3 Simple Steps to Take Back Control of Your Business Day
Debbie owned a $12 million/year marketing firm that worked with fortune 500 clients. She had so much opportunity to grow, but because she was totally overwhelmed he left each day feeling drained and disempowered to continue to scale.
When I first met her at an EO event in Texas (I was giving a keynote there), I could feel the frustration that dripped into her description of her company.
This is a common pattern for an owner-reliant or rapid growth stage company – the key people are stretched so thin and pulled in so many directions that they don’t even know how to get out of that cycle.
Here is my best coaching for you on how to get started with this process of building a business you love owning again, even in the face of all the conflicting demands on your time and attention.
Step 1: Start your day by asking what ONE thing could you do today that in 30 minutes or less would have the biggest impact on your business?
I caution you to be ruthlessly realistic about what you can get done in 30 minutes. Chunk down a larger project into the one piece you could bite off and get done in just 30 minutes of focused time.
Over time you can grow that 30 minutes into an hour or more, but start off with something you know you’ll follow through on and build on these small, daily victories.
Step 2: Commit to doing that one thing before you do anything else – before you lose yourself in email… return that phone call… or jump into your first staff meeting…
This may require you to change how you schedule the first moments of your day, or to come into the office 30 minutes earlier.
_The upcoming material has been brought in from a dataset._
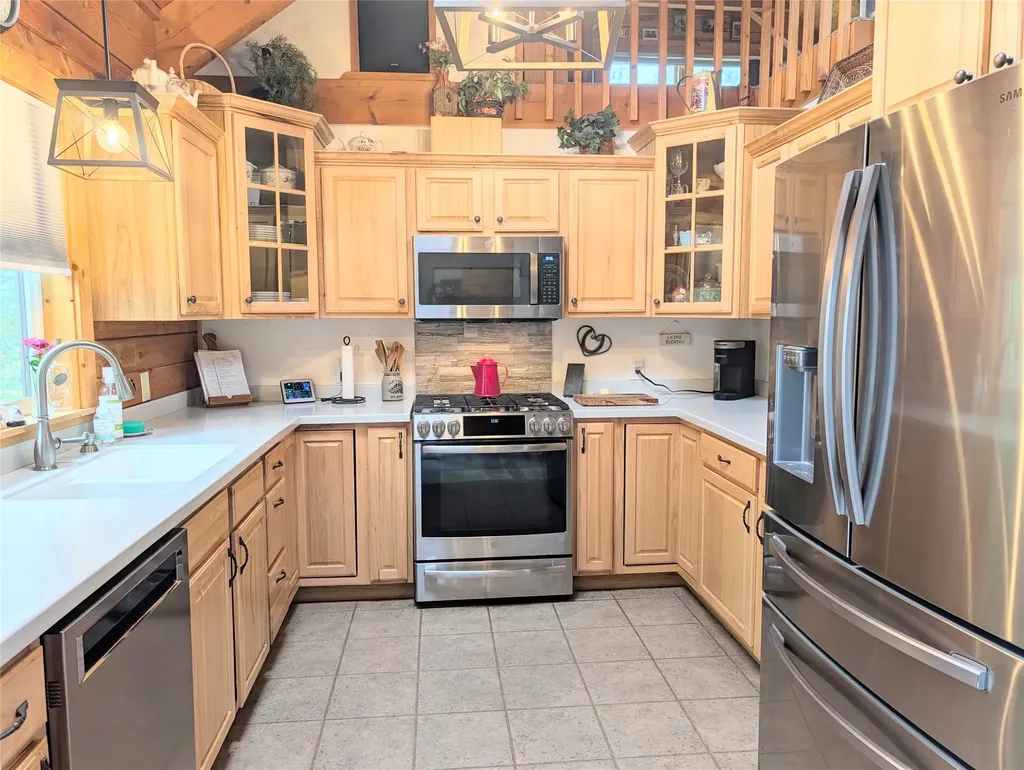 511 Hudson Lane Victor MT 59875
But I’m not asking much – just for you to start your day with the most important and valuable thing you can do that day in 30 minutes or less. Come on, you can do this!
Step 3: At the end of the week, take 5 minutes and go back over your week and list out the five biggest victories you had that week in your business.
Why is this step so important? Because if you want to shape behavior you need to make the progress you’re making visible. And my observation after working with thousands of business owners that we coach is that most business owners struggle with allowing themselves to enjoy the progress they are actually making. They are so busy seeing how much is left to do that they rarely give themselves or their staffs credit for all the progress they’ve made.
So if you want to sustain your new behavior over time, I urge you to invest five minutes capturing your weekly victories at the end of each week. Share them with your team. Encourage them to do the same steps. And watch your business flourish.